** Opening Dataset extract block **
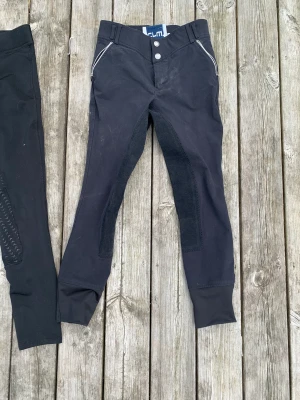 Ridbyxor - Alla för 200kr  100kr st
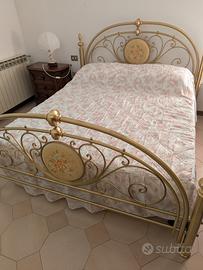 Letto matrimoniale 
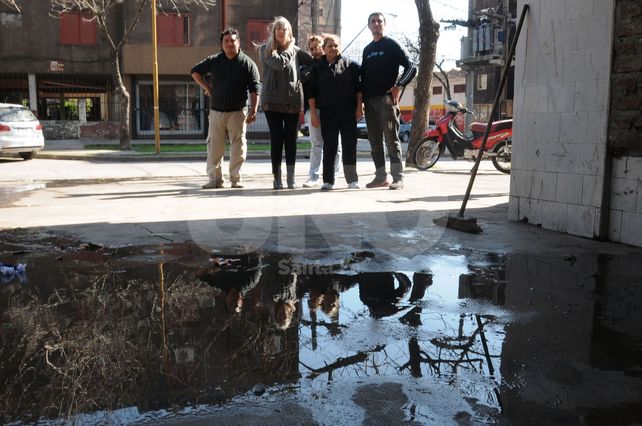 Reflejo. El agua estancada se escapa por la parte trasera del edificio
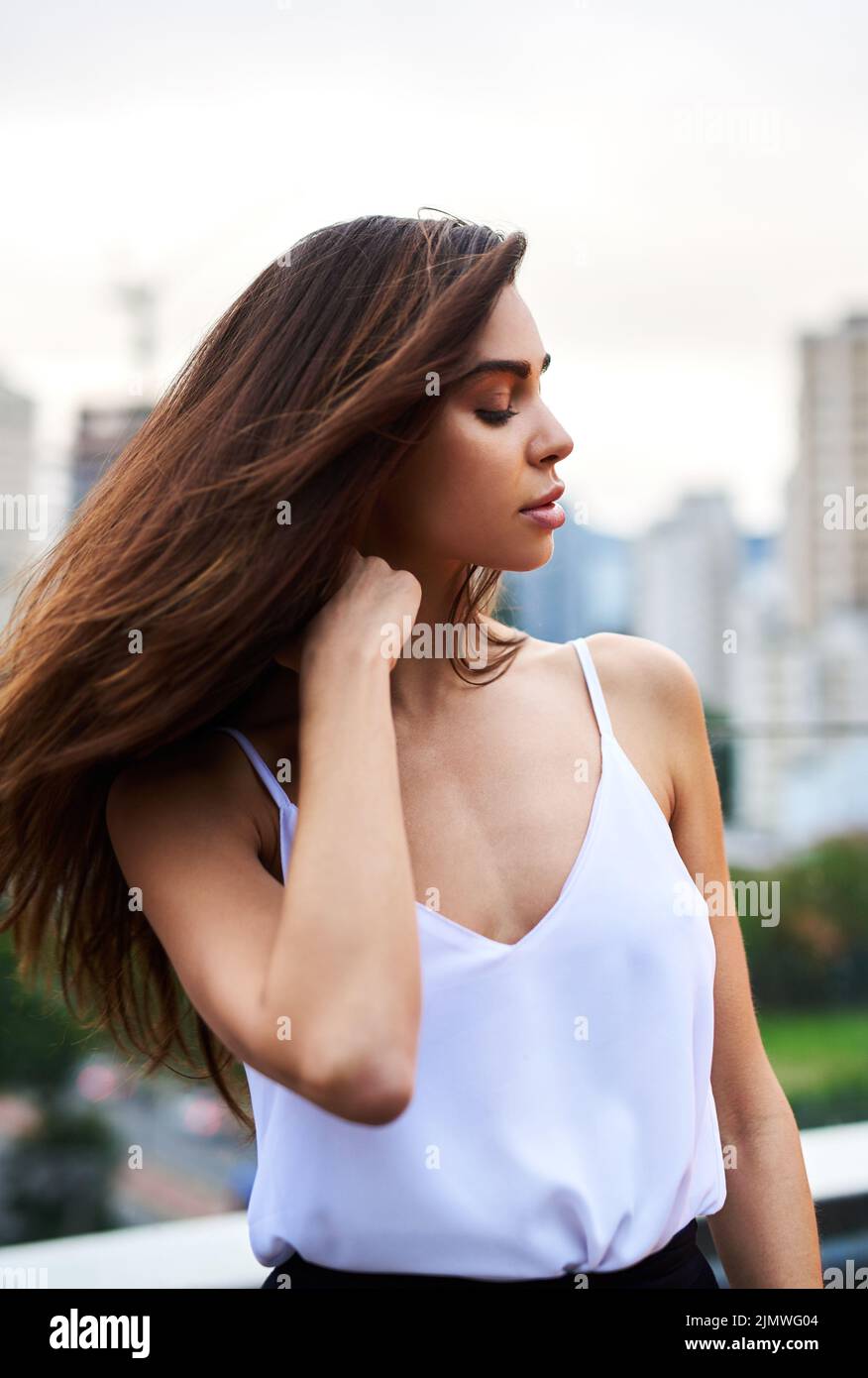Sentitosi come una regina oggi. Una giovane donna attraente in piedi su un balcone all'aperto durante il giorno. Foto Stock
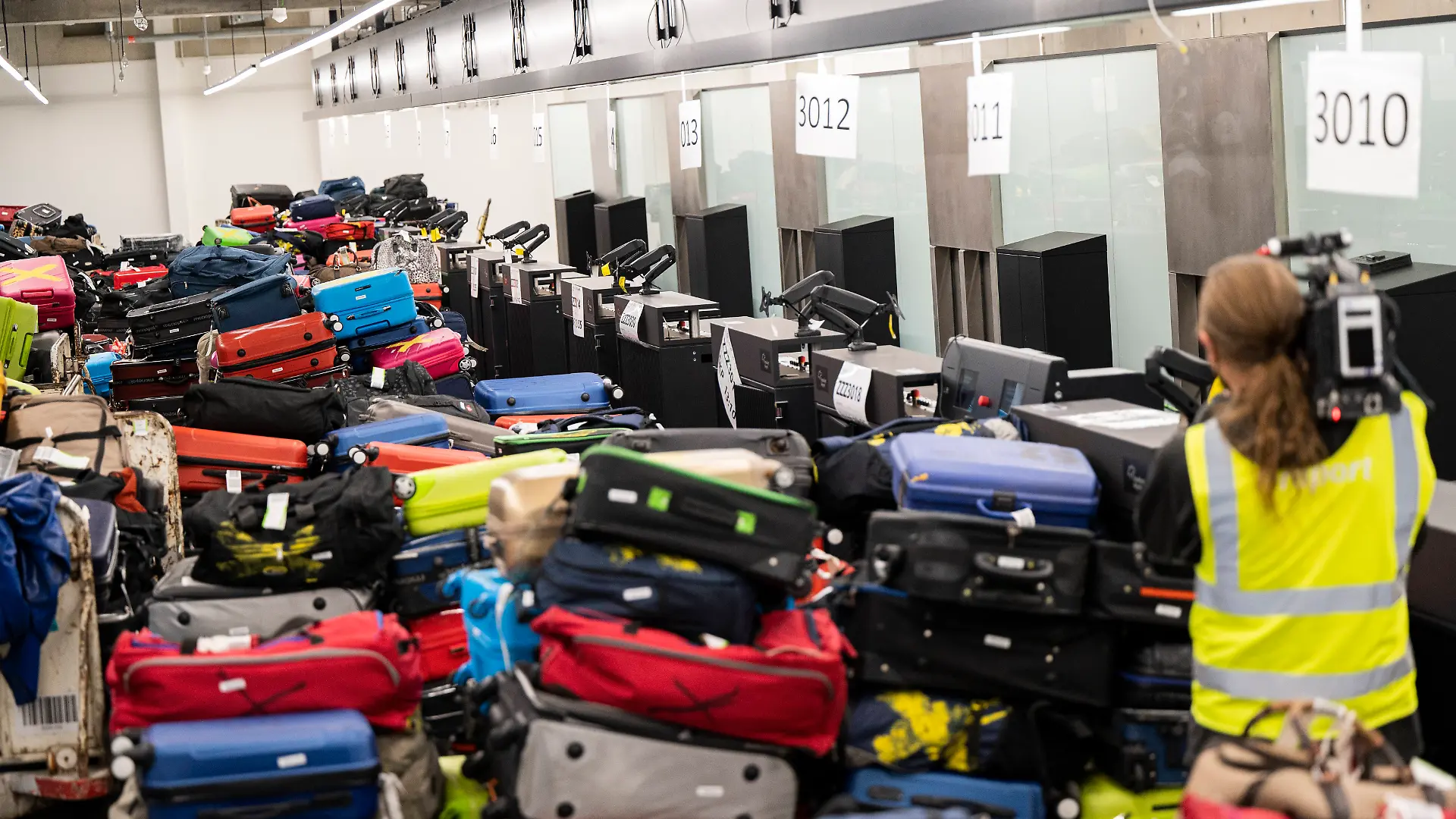 Fraport Terminal 3 Abschnitt G 05.05.2022 Frankfurt Begehung des fertiggestellten Flugsteig G des neuen Terminal 3, Fraport Flughafen Frankfurt. An den Check-In Schaltern steht Gepäck für einen Testlauf der Gepäckabfertigung bereit.. Frankfurt Frankfurt Hessen Germany *** Fraport Terminal 3 Section G 05 05 2022 Frankfurt Inspection of the completed Pier G of the new Terminal 3, Fraport Frankfurt Airport Baggage is ready for a test run of the baggage handling system at the check-in counters Frankfurt Frankfurt Hesse Germany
** Closing Dataset extract block **
Verbatim output of every entry above is required, though pictures are to be left out.

 Ridbyxor - Alla för 200kr  100kr st
 Letto matrimoniale 
 Reflejo. El agua estancada se escapa por la parte trasera del edificio
Sentitosi come una regina oggi. Una giovane donna attraente in piedi su un balcone all'aperto durante il giorno. Foto Stock
 Fraport Terminal 3 Abschnitt G 05.05.2022 Frankfurt Begehung des fertiggestellten Flugsteig G des neuen Terminal 3, Fraport Flughafen Frankfurt. An den Check-In Schaltern steht Gepäck für einen Testlauf der Gepäckabfertigung bereit.. Frankfurt Frankfurt Hessen Germany *** Fraport Terminal 3 Section G 05 05 2022 Frankfurt Inspection of the completed Pier G of the new Terminal 3, Fraport Frankfurt Airport Baggage is ready for a test run of the baggage handling system at the check-in counters Frankfurt Frankfurt Hesse Germany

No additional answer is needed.